Wednesday, July 27, 2011

Natural Experiments of History

The title of this essay is the same as a book edited by Jared Diamond and James A. Robinson, published in 2010 by Harvard University Press.  The book explores the general method of natural experiments applied to human societies and history.  It was tempting to title this essay "Cultural Experiments," because the emphasis of their book is on inhabited places, social institutions, and human actions.  But the cognitive dissonance of natural, experiment, and history in one title is an appropriate mental stimulus for the message they present. 

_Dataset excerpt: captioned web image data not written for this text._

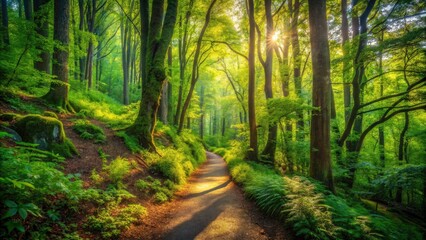 Obraz premium Hiking Trail Forest Photography: Lush Green Canopy, Dense Brush, Woodland Path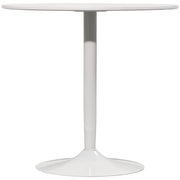 Modern Kitchen Table for 2 People, Round Dining Table with Steel Base for Living Room, Dining Room, White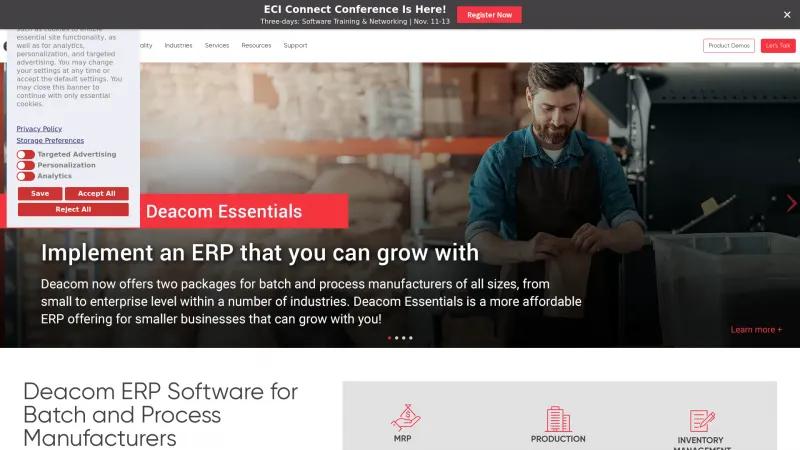 Homepage of Deacom ERP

Experiments are controlled comparisons deliberately set up to expose the effect on one or a very few variables on some structure or process.  Greatest confidence is afforded by laboratory experiments where all external conditions can be held constant, or field experiments where even the conditions outdoors are kept as constant as possible while varying the presumed cause.  A randomized comparison between a treatment and a control is still the statistically most unassailable approach.  However, even with this paragon of knowledge creation, great creativity must be brought to bear to ensure that the external conditions are indeed well known and no causative factors are left unaccounted for.  Furthermore, there is a trade off between rigor and realism in experiments.  The more controlled a situation is the greater the distance from messy reality.

Patterson Park, Baltimore
Experiments in Culture and History
What are researchers to do if they can't control the environment and vary one or two factors at a time?  After all, history can't be redone, and there are ethical constraints to manipulation in inhabited systems.  Many people have assumed that this means the power of experimentation is unavailable in such situations.  This would disadvantage those who are interested in complex systems, in much of human agency, and in historical causation.  What influence do the conditions of the past have on the outcomes in the present?  

This is the problem that Diamond and Robinson address.  They open and close the book with chapters outlining the issues and summarizing the successful strategies for dealing with found or natural experiments.  Indeed, the cultural and historical comparisons, and the comparisons of socio-ecological conditions that the book presents are far from some haphazard stumbling across a good comparison that has the hallmarks of an experiment.  Great care is taken in evaluating the similarities and differences among the control and the treatment historical or initial conditions.

In addition to the introductory and closing chapters, the book addresses several cases:
  • ·         Polynesian cultural evolution,
  • ·         Frontier boom/bust cycles,
  • ·         Banking institutions and development,
  • ·         Comparisons of environment and social controls on Pacific islands,
  • ·         The consequences of the slave trade in Africa,
  • ·         How colonial land tenure practices influences current public goods,
  • ·         The role of the French revolution in speeding the transition to capitalism.

Baltimore: Boom and Bust on Frontier?
The chapters are written in a very approachable style while at the same time explaining the rigorous assessment of conditions to ensure the validity of the comparisons.  All repay attention.  However, perhaps of greatest relevance to the Baltimore Ecosystem Study, with our new emphasis on the transition from the sanitary to the sustainable city, is the chapter by James Belich on "Exploding Wests: Boom and Bust in Nineteenth-Century Settler Societies" (pages 53-87).  The chapter covers the American West, and the British "West" consisting of Canada, Australia, New Zealand, and South Africa.  The transfer of human, financial, and material capital from an established metropolitan area to a frontier, with an associated increase in vectors of mass transfer; media and modes of communication; and booster institutions and businesses characterize booms.  The creation of local infrastructure during a boom is a major commitment.  Busts, crashes, or panics, on the other hand are characterized by reduced human population growth and reduced economic growth.  They can last for two to ten years, and generate by an economy dominated by new or increased exports.  The "conquest of distance" is a feature of successful export recoveries.

There are repeated cycles of boom and bust throughout the global, Anglo-American Wests.  What relevance does this kind of thinking have for the transition from the post-industrial, sanitary city to the sustainable city of the future?  It's a question we should consider.  And attention to the methodology of cultural or natural experiments in an urban LTER is also an important matter.  So this book has double relevance to BES.